You grab some potato salad, some pasta salad, some salad salad, and then your salad toppings, followed by some bread sticks, or roles.  Maybe you grab a little bit of soup and then you have to think about the main course, and by the time you get back to your table, you need a crane to help you carry your plate.  And with all this said and done, we haven’t even had a chance to talk about dessert yet.  Good thing that there is no limit to the number of plates that you can have. 

We have different kinds and qualities, levels of plates if you will.  We have plates for being on the go.  We have plates for those every day meals.  We have plates that come out for holidays.  And we even have plates that are so special that they can never be used.  They are so holy, which means to be set apart, that they can never be touched, never be used, and no longer serve a practical function.

In our lives and in our world plates are important.  What can you know about a person based on the kinds of plates that they use, and by how much they fill their plates up, and even by how clean they keep their plates?  And yet, talking about plates does not have to limit us to talking about food.  For it is not uncommon to talk about a plate as an analogy for our lives.  Have you ever thought or said, “I have too much on my plate right now?” 

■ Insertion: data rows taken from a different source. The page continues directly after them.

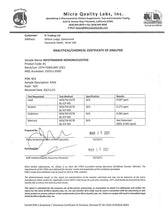 Load image into Gallery viewer, Hyer NMN Nicotinamide Mononucleotide 30g NAD+ Cellular Boost Supplement Powder, Third Party Tested High Purity for Anti Ageing & Mitochondria Support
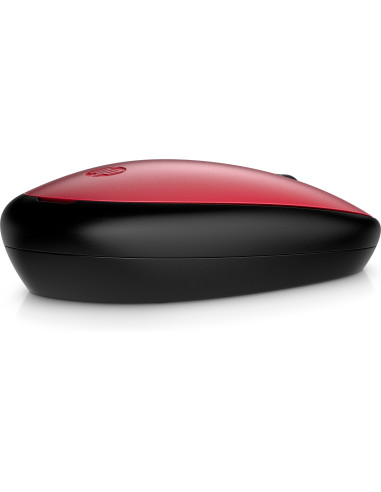 240 Empire Red Bluetooth Mouse
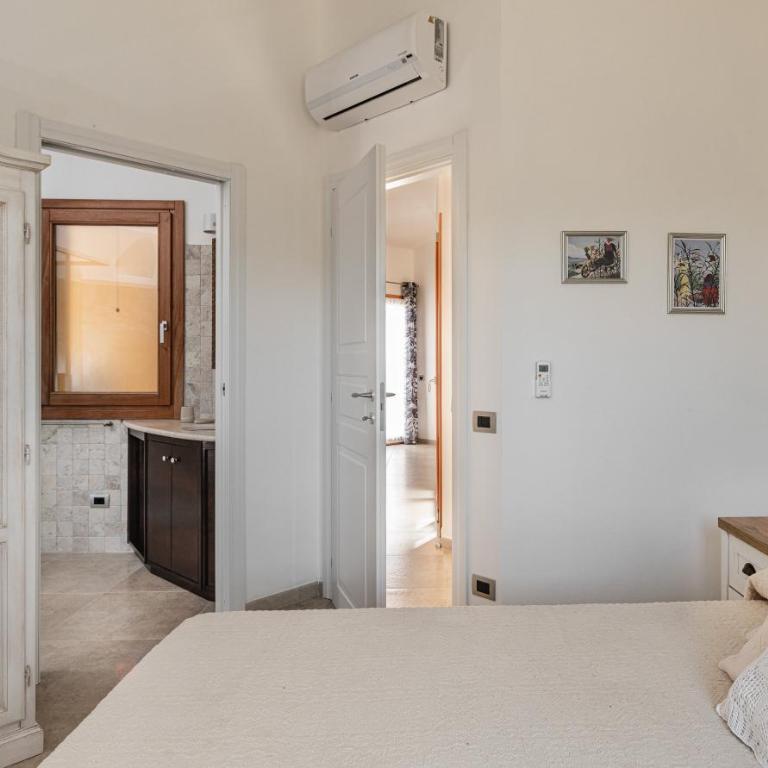 Villa Girasole - Villa con Vista Giardino - 12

It’s not a bad analogy.  Our plates are filled with family and friends, work and school, projects, assignments, sports, club sports, travel, church, entertainment, exercise.  For a student, the day begins at 6 AM, bright and early.  This allows for the morning practice or workout.  By 7:30 it is off to school.  At 3:00 there is that Honor society meeting or perhaps the afternoon shift at Target, or band practice.  Or maybe Soccer practice and if it happens to be a game day, you are full until 8.  Or if there is no game you are home by 7:30 which gives you just enough time to catch the end of Idol and then you are ready to go for those three hours of homework.  After all, you do want to stay in the honor society.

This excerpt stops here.